Normally when people talk about someone (even themselves) having an ulterior motive, it is a bad thing. The description has come to generate images of people only doing something “nice” in order to get their way. It has come to represent coercion at best, and strong-arm tactics including abuse at the worst. Sort of like the old movie mobsters saying “You have a wonderful shop here. It would be unfortunate if something should happen to it ...” as a passive-aggressive attempt to get protection money.

But not all ulterior motives come complete with a knuckle-cracking “Goon” and a thinly veiled threat of property damage. No, some ulterior motives can be quite useful, such as “With more toast I can have more bacon.” The old phrase “kill two birds with one stone” comes to mind, though I am still wondering what said birds might have done to deserve this, and even where the rock came from. Still, having two goals that are complimentary enough to make it possible to combine and streamline our efforts would seem to be a good thing.

Regardless of whether the origins for these ulterior motives are good or bad (or Goon or non-Goon), each of us have them every single day of our lives. I suppose there could be some exceptions such as in the case of Mother Theresa or Mister Rogers — or even perhaps Tom Hanks because, face it — not just anyone could pull off playing Mister Rogers. But for all of us mere mortals, well, not so much. We seem to be wired that way, to make the most of every situation.

And it isn't always bad; asking someone if they would like something from the kitchen while we are already in the kitchen might save us a second trip to the kitchen, but it isn't (usually) as if we would punch them in the face if we had to go back for that second bottle of herbal beverage. Just kidding, we all know it would be a second can of pop or coffee, in my case. Nothing against herbal beverages, mind you, though sometimes I think the pop has less sugar. They really should print the ingredients in bold, large letters and the brand name in that microscopic typeface reserved for legal documents.

The point is, once we realize that we all do it anyway, and that it doesn't have to be for nefarious reasons, we gain the advantage of being able to truly use those subtext motivations for our own good. These ulterior motivations can be used to prop up or otherwise support our main goals, especially when the main goal is so broad and lacks a readily identifiable focus. No one for instance ever wakes up in the morning or reflects in the evening before bed that it would be a truly wonderful thing to be in poor health and not a single person will extoll the virtues of feeling “crappy.” No, we all want to “get in shape” or “get healthy,” but those are such broad terms that when our good friend procrastination comes by, we decide to do it later — whatever it might be.

Human beings are fairly complex creatures after all, so complex in fact that we get in our own way 7 out of 10 times (and get distracted at least twice) because we have so many things that are, or possibly could be, going on.
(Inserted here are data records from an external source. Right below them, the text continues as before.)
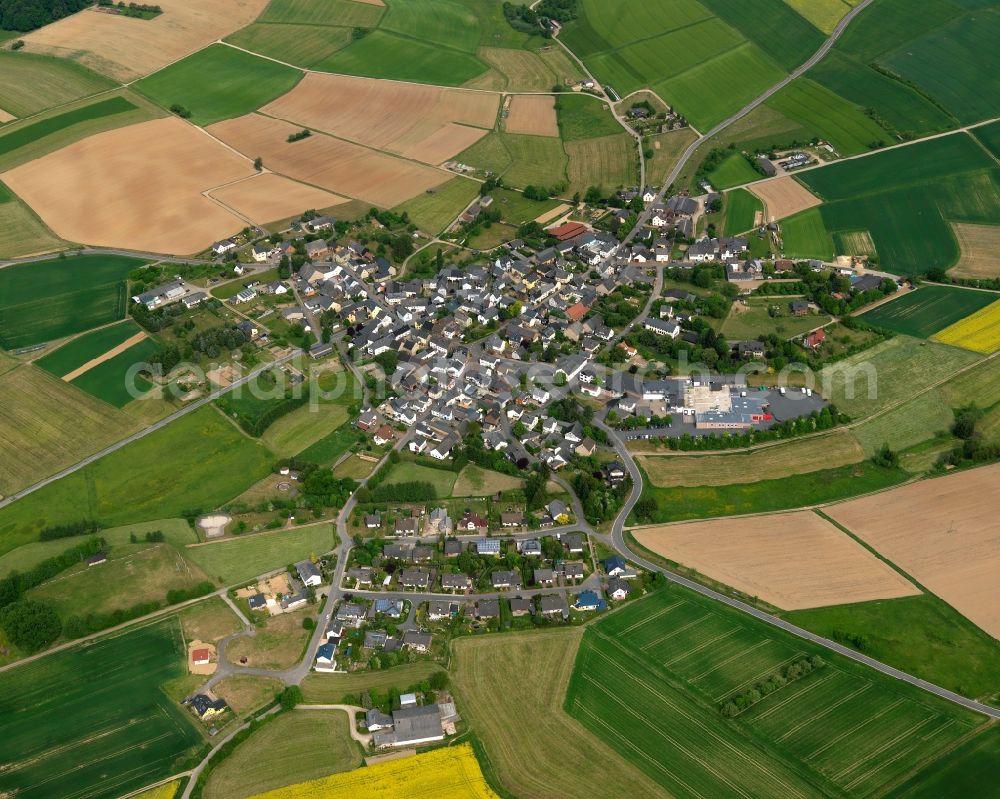 Aerial photograph Niederwallmenach - View of the borough of Niederwallmenach in the state of Rhineland-Palatinate. The borough and municipiality is located in the county district of Rhine-Lahn, in the Taunus mountain region. The agricultural village consists of residential areas and is surrounded by rapeseed fields and meadows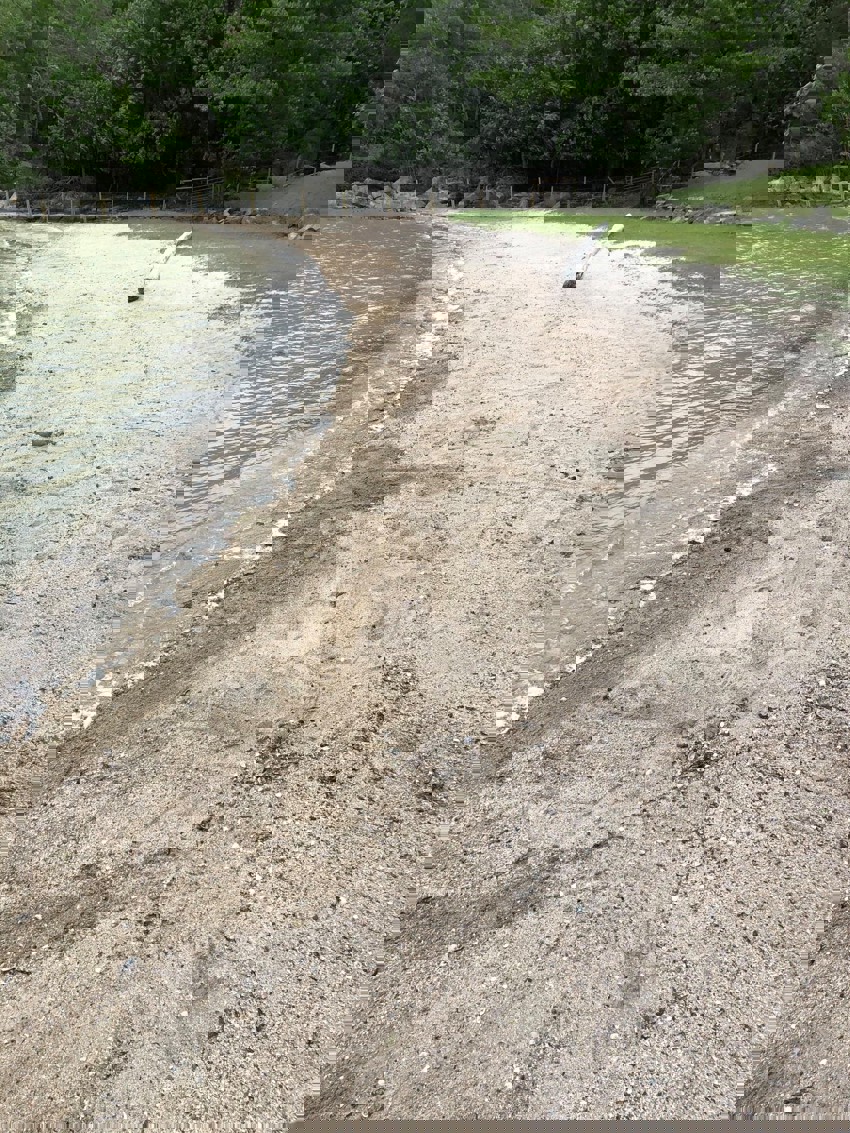 Strandrydding i Risør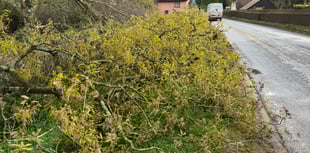 Fallen trees, power lines block main roads around Crediton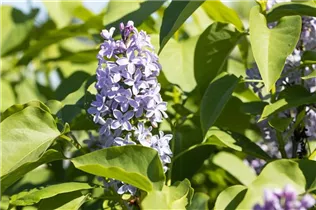 - Syringa vulgaris 'President Lincoln'  - Syringa vulgaris 'President Lincoln'
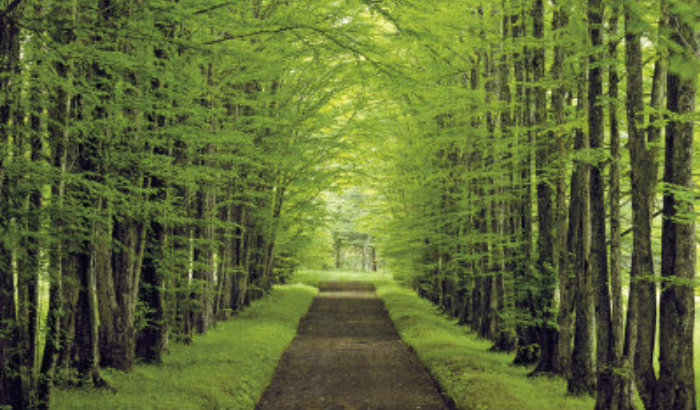 Prepared for God’s Plan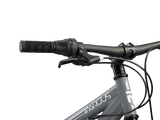 Argus ST 20in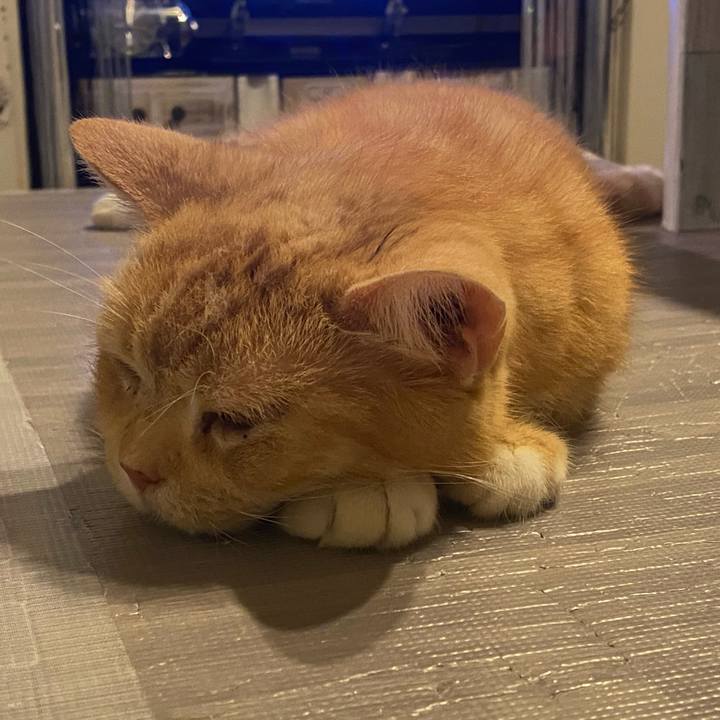 B4342936 da56 4cbe b4e3 cf74922fd8a8 1624624651678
And all of these different things outnumber the one thing we want to do with far more frequency that we would like. So, it is easy to see how a little extra motivation along the way could be beneficial. Let's take fitness for example.

We want to get fit, lose weight, etc.; but then, of course, there are bacon double cheeseburgers and chili cheese fries. The goal of health is quickly outnumbered by the infinite amount of things which, though unhealthy in more than moderate quantities, offer immediate gratification and satisfaction. And it is really hard to do the 10,000 sit-ups it might take to reach our goals with a bowl of ice cream and chocolate syrup in our hands — but that ice cream tastes good now. And as we examine the mechanics of that extremely one-sided challenge, some extra help on the side not slathered in whipped cream would be helpful.

Most people in the fitness industry use words like focus, or determination, or even “beast-mode,” which, unfortunately, doesn't involve actual shape changing. These are all well and good, and can be used to motivate us to do more and do better. But in all honesty, it is perfectly acceptable when attempting to lose weight, for instance, to remind ourselves that we have added more holes to our belt than the number it originally came with. And perhaps it may not be the best motivation, but it is also perfectly acceptable to want to get into shape simply so our shapes become more appealing. Feeling good is its own, best goal – but looking good is an excellent side benefit. Especially if that helps us reach our main goal of a healthier overall lifestyle.

At the end of the day, so to speak, we should use everything in our arsenal to achieve a healthier lifestyle. This becomes, if not actually easier, more successful when we can point our assortment of motivations in the same direction. And remember this; even if you only want to lose the “10 pounds” you have set as your goal so you will look better at a friend's wedding, those 10 pounds are still gone. As long as fad diets and unhealthy restrictions aren't involved, the goals align. When we adopt a healthier lifestyle, for whatever reason, it improves our health. And that, ultimately, improves our lives.